The Insurance Corporation of British Columbia (ICBC) is a provincial Crown corporation in British Columbia providing insurance. ICBC was created in 1973 by the NDP government of Premier Dave Barrett.

By law, any vehicle registered and driven or parked on public streets in British Columbia must be covered by ICBC's basic insurance package, which can be purchased from independent brokers across the province.  This basic coverage, called "Autoplan," includes protection from third party legal liability, under-insured motorist protection, accident benefits, hit-and-run protection, and inverse liability.

History 
The original purpose of ICBC was to provide universal and affordable compulsory public auto insurance in British Columbia by operating on a non-profit basis.
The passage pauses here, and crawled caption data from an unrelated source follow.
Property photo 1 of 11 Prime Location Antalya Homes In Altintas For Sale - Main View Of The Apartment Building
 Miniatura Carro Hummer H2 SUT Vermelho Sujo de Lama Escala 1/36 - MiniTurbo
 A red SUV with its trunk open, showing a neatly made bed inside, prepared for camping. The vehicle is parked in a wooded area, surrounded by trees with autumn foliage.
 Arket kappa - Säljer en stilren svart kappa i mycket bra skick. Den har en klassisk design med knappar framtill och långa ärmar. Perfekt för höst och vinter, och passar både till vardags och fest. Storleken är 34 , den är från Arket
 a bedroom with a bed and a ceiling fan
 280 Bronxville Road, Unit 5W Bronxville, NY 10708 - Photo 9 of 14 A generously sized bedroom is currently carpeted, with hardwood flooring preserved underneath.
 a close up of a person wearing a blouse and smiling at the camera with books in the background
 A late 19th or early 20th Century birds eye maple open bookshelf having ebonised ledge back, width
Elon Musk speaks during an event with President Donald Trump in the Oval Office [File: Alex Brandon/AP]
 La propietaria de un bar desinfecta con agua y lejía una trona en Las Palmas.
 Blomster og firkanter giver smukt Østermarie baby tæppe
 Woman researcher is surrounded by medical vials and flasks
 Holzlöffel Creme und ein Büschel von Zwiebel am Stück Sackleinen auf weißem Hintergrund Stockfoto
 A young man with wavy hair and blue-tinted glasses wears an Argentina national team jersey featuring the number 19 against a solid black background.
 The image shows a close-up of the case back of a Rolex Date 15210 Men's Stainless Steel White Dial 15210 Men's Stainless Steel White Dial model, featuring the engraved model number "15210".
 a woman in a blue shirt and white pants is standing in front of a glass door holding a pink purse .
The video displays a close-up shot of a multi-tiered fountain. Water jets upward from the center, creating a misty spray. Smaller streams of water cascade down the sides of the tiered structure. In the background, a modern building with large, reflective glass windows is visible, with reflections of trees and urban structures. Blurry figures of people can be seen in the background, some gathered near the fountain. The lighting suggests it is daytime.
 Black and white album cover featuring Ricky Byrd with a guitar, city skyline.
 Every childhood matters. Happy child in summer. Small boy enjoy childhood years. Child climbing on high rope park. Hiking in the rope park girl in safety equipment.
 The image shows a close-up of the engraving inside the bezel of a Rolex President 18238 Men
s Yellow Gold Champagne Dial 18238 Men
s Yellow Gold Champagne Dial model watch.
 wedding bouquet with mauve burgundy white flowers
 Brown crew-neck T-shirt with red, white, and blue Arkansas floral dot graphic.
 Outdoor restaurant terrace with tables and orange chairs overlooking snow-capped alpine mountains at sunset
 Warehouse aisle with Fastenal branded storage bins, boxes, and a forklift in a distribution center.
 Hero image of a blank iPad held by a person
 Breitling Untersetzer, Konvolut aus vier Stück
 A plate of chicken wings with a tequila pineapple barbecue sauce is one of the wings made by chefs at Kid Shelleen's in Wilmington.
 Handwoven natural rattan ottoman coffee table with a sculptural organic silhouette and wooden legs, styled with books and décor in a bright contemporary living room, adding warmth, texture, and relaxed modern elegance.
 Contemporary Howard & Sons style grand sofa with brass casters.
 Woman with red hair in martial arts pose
However, in March 2010, Christy Clark's BC Liberal government announced that it would require ICBC to pay the province dividends totaling some $778 million over three years, thus signaling the end of ICBC’s operation as a non-profit Crown corporation, and also making it the only for-profit public auto insurance provider in Canada. These dividends eventually totalled $1.2 billion. Since ICBC's creation, its responsibilities have expanded to include driver licensing, vehicle registration, and various road safety initiatives.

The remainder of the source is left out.